Your goal:
In the material below, begin at the line that has "Pack de tres", stop after the line that has "Nunchaku on the", and transcribe those lines exactly, without pictures.

The input:
•••••
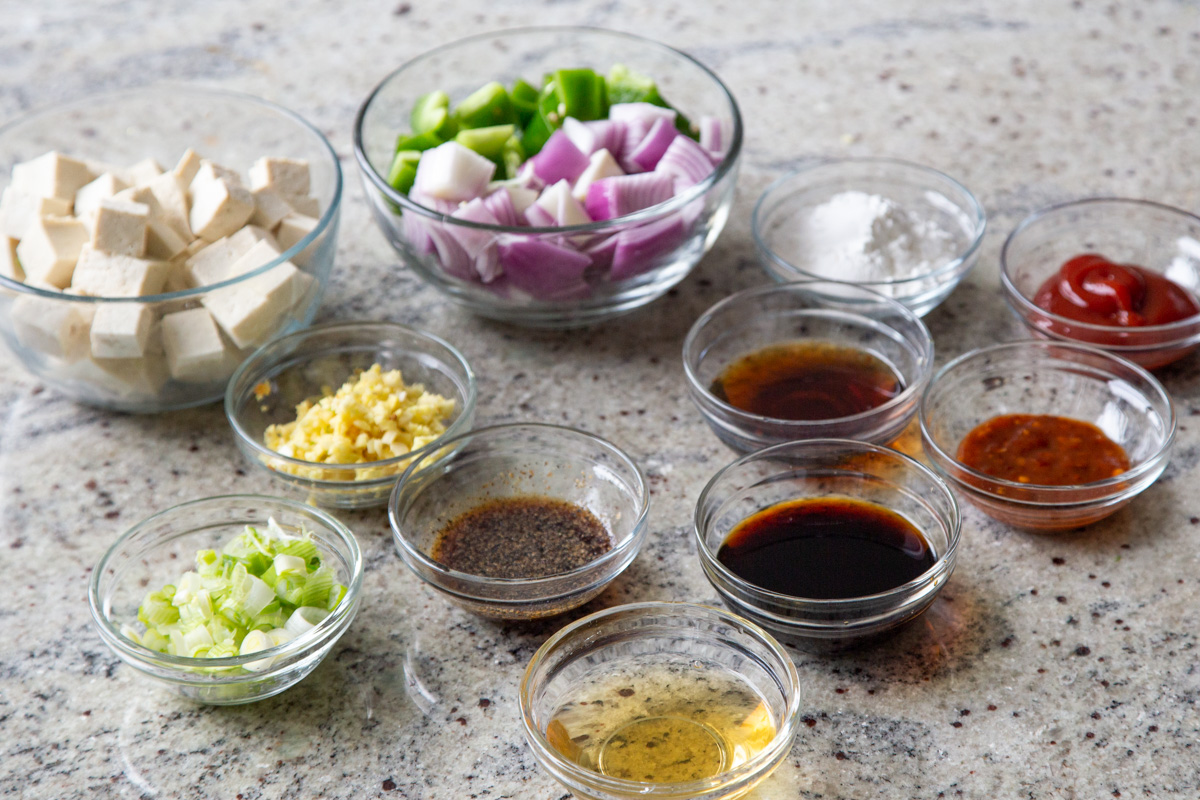 tofu, veggies, sauces, and seasonings in bowls on a kitchen counter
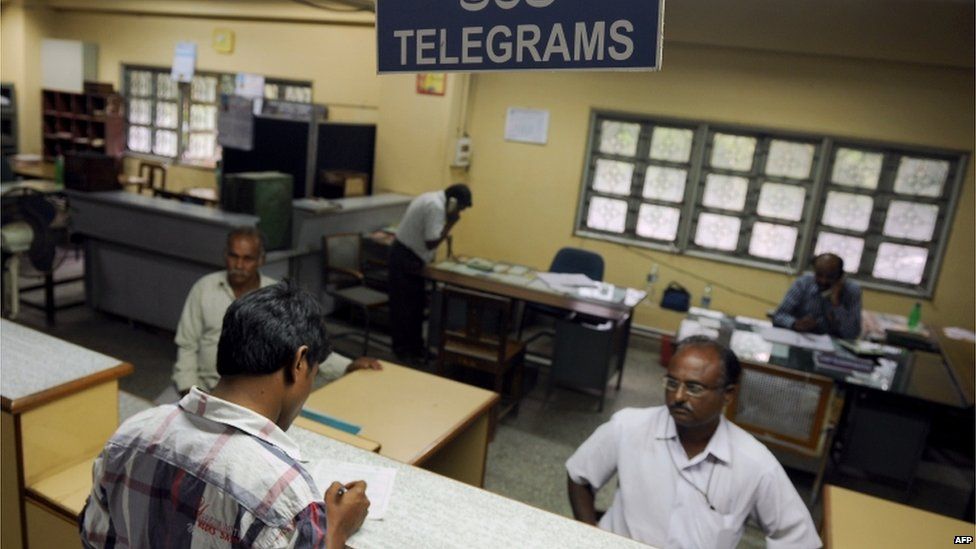 A customer (foreground L) fills in a form for sending out a message using the telegraphic service at a telecommunications office in Bangalore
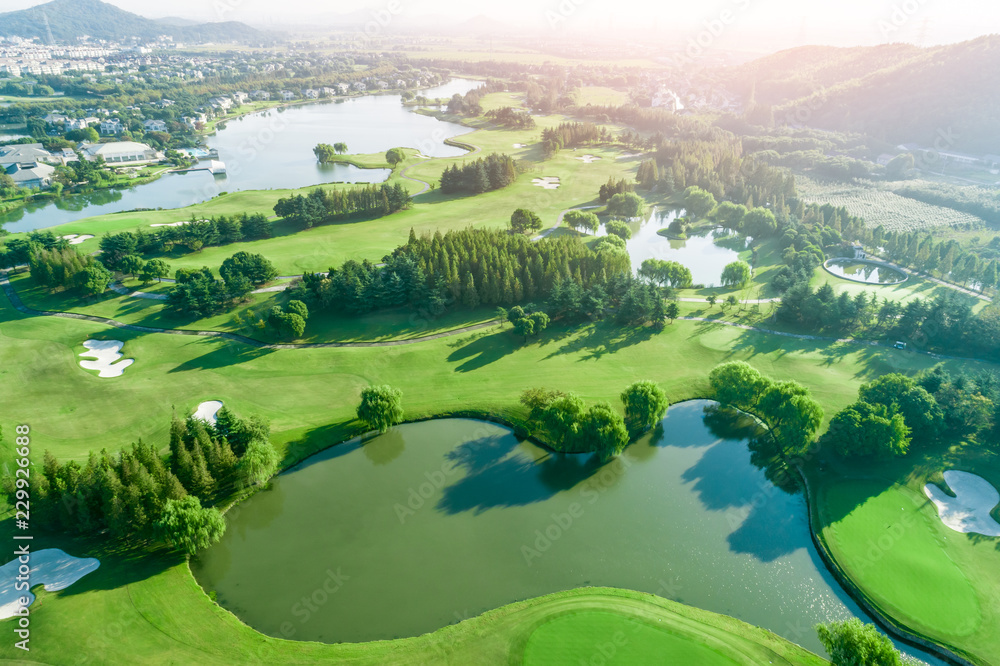 Aerial photograph of forest and golf course with lake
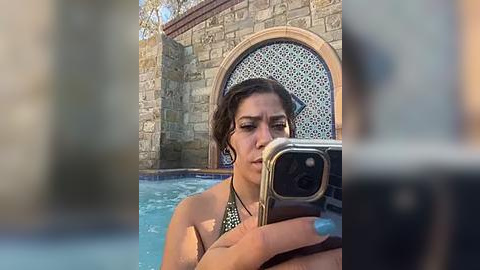 Media: Video of a woman with wet, dark hair, wearing a green bikini, taking a selfie by a pool, with a stone archway and greenery in the background.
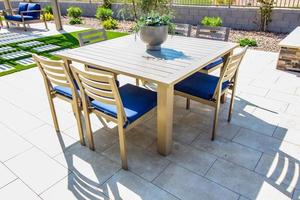 Rear Yard Patio Furniture With Table, Chairs And Couch photo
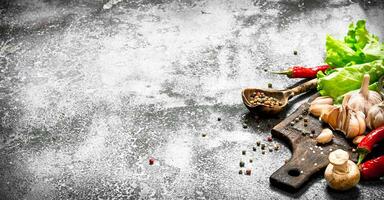 Fresh vegetables . Fresh vegetables with spices and herbs. On rustic background. photo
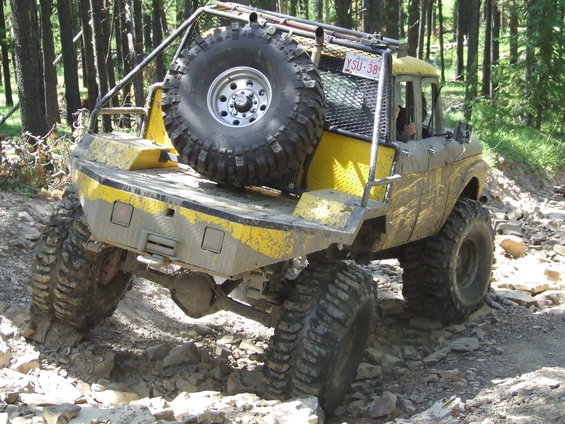 Yellow modified 1966 Ford Bronco with large tires and a spare tire on the back, driving on a rocky trail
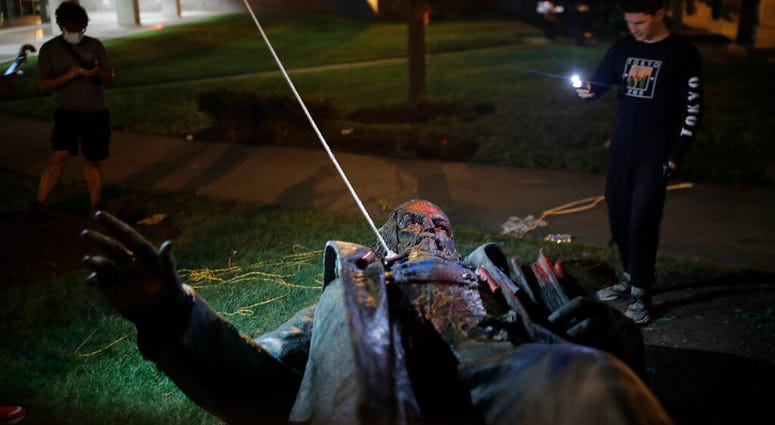 People film the only statue of a Confederate general, Albert Pike, in the nation's capital after it was toppled by protesters and set on fire in Washington early Saturday, June 20, 2020.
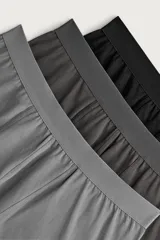 Pack de tres calzoncillos tipo bóxer de algodón elástico, con cintura elástica y costuras reforzadas. Incluye tonos negro, gris oscuro y gris claro.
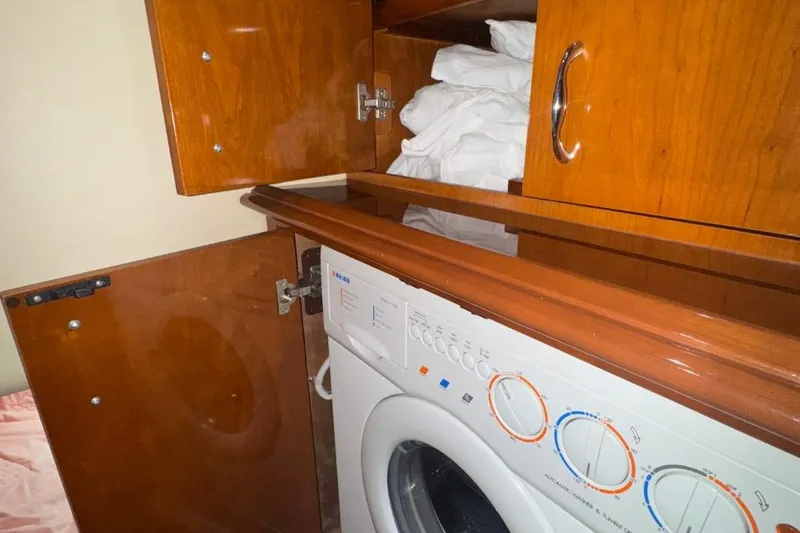 Slide: The Image of Laundry area inside 2004 Carver 564 Cockpit Motor Yacht with wooden cabinetry. - 42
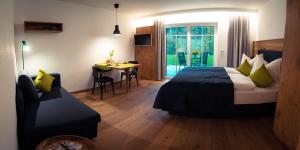 a hotel room with a bed and a table and a chair at Das Luegstein in Kiefersfelden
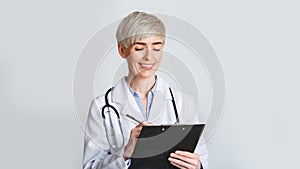 Doctor prescribe medication. Smiling woman in uniform photo
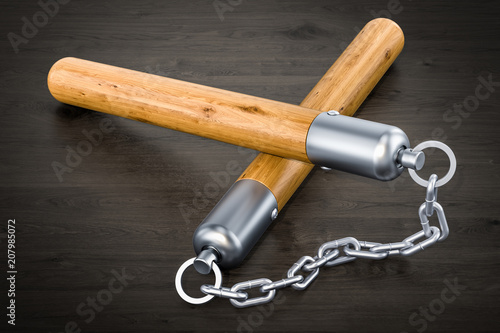Nunchaku on the wooden table, 3D rendering photo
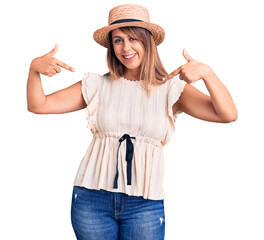 Young beautiful woman wearing summer hat and t-shirt looking confident with smile on face, pointing...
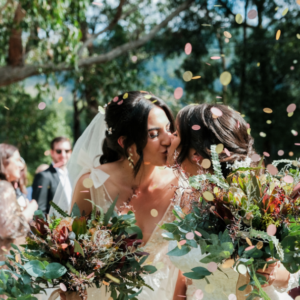 brides kissing under confetti at Log Cabin Ranch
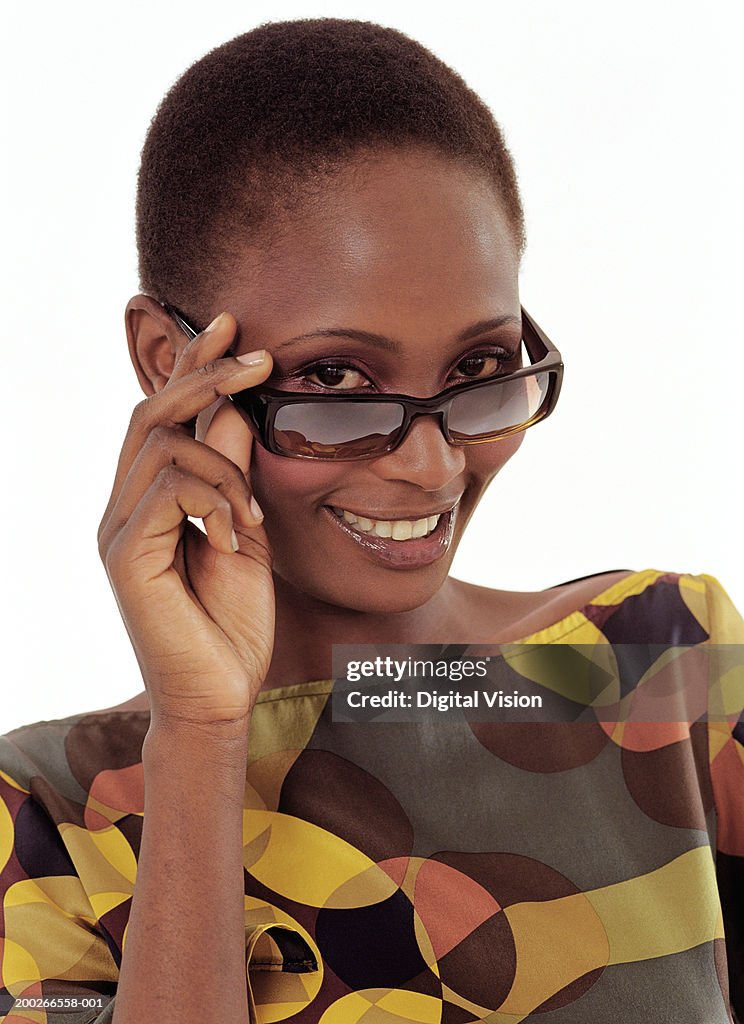 Woman looking over top of sunglasses, smiling, portrait, close-up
•••••
Solution for this exercise:
 Pack de tres calzoncillos tipo bóxer de algodón elástico, con cintura elástica y costuras reforzadas. Incluye tonos negro, gris oscuro y gris claro.
 Slide: The Image of Laundry area inside 2004 Carver 564 Cockpit Motor Yacht with wooden cabinetry. - 42
 a hotel room with a bed and a table and a chair at Das Luegstein in Kiefersfelden
 Doctor prescribe medication. Smiling woman in uniform photo
Nunchaku on the wooden table, 3D rendering photo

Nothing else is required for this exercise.